◆ **What this task involves**: Copy each entry verbatim, excluding its images.
##### Data to process #####
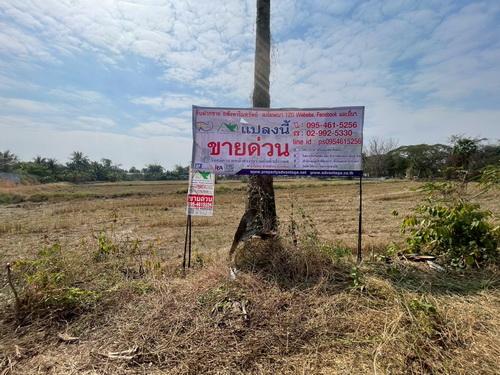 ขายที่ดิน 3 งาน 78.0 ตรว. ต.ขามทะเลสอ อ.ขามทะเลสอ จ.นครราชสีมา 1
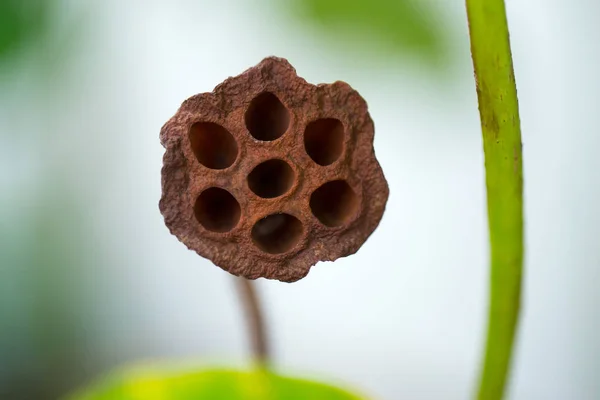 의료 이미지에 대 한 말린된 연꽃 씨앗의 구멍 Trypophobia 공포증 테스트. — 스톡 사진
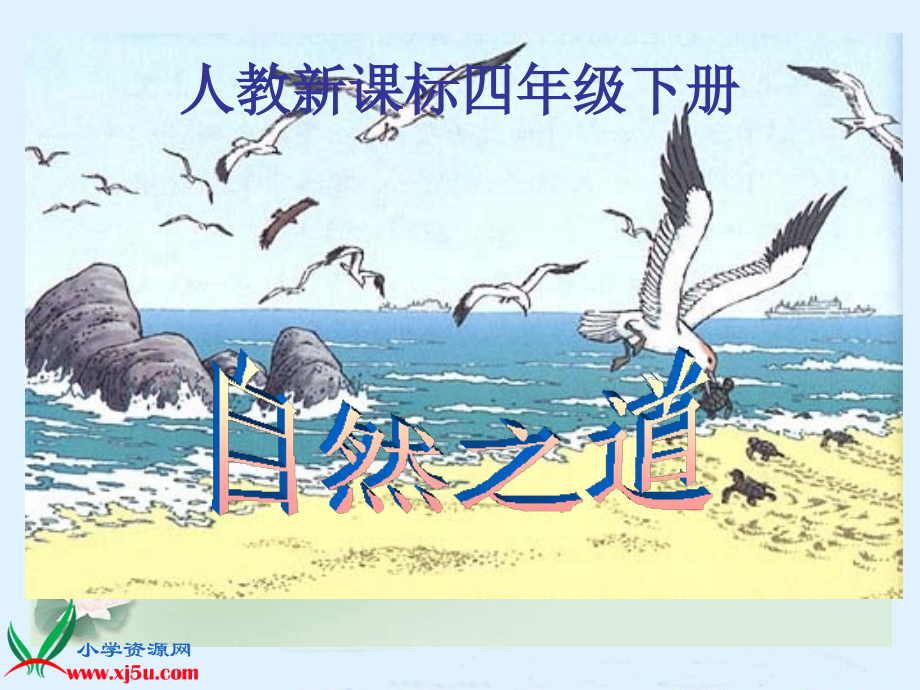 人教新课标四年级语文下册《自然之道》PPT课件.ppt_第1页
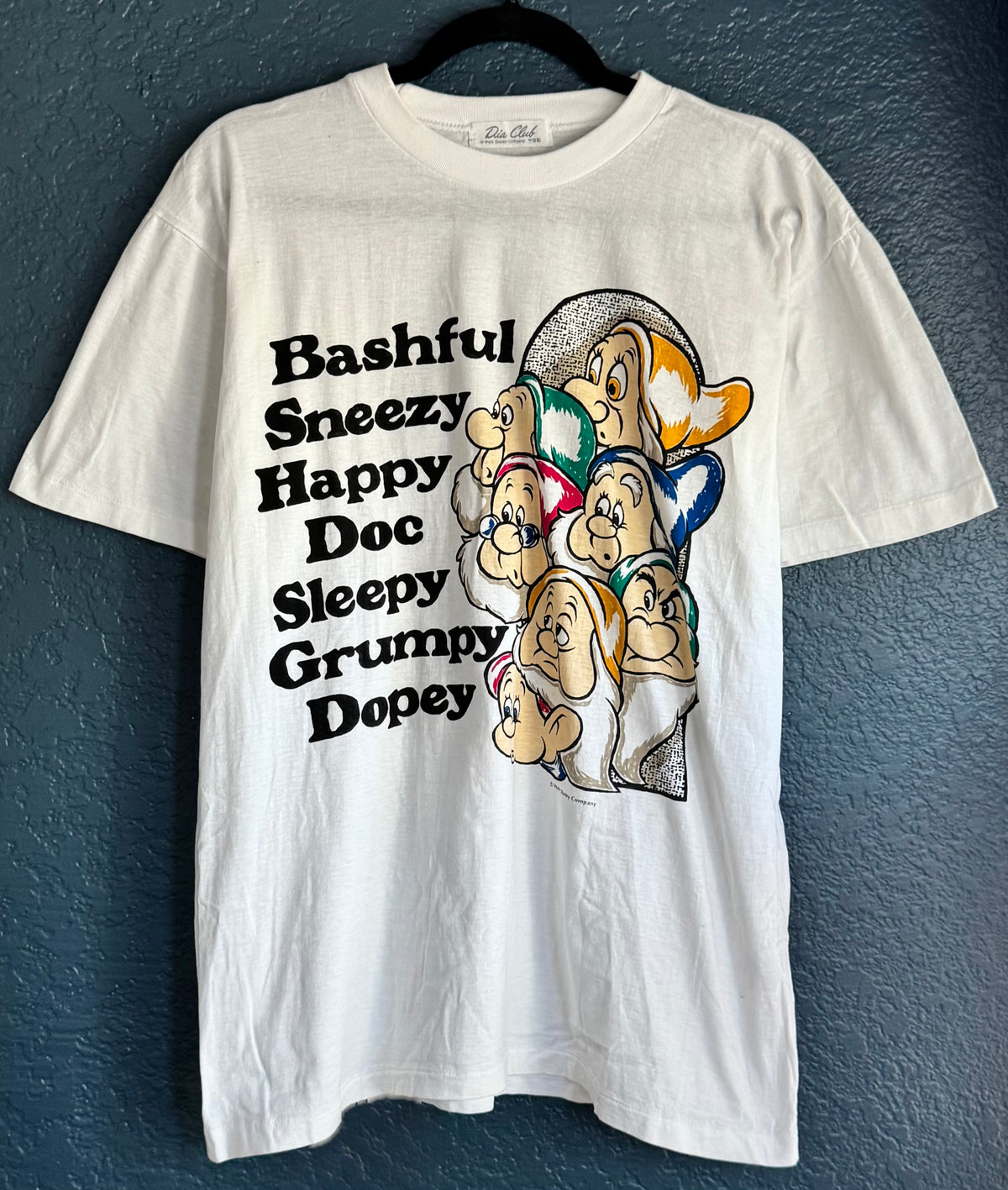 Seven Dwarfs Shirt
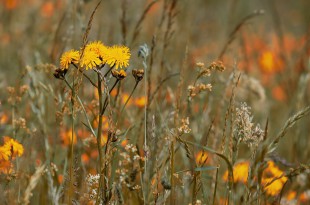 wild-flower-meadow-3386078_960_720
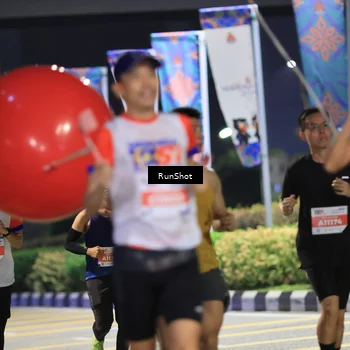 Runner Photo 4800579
#####
◆ **Answer section**:
 ขายที่ดิน 3 งาน 78.0 ตรว. ต.ขามทะเลสอ อ.ขามทะเลสอ จ.นครราชสีมา 1
 의료 이미지에 대 한 말린된 연꽃 씨앗의 구멍 Trypophobia 공포증 테스트. — 스톡 사진
 人教新课标四年级语文下册《自然之道》PPT课件.ppt_第1页
 Seven Dwarfs Shirt
 wild-flower-meadow-3386078_960_720
 Runner Photo 4800579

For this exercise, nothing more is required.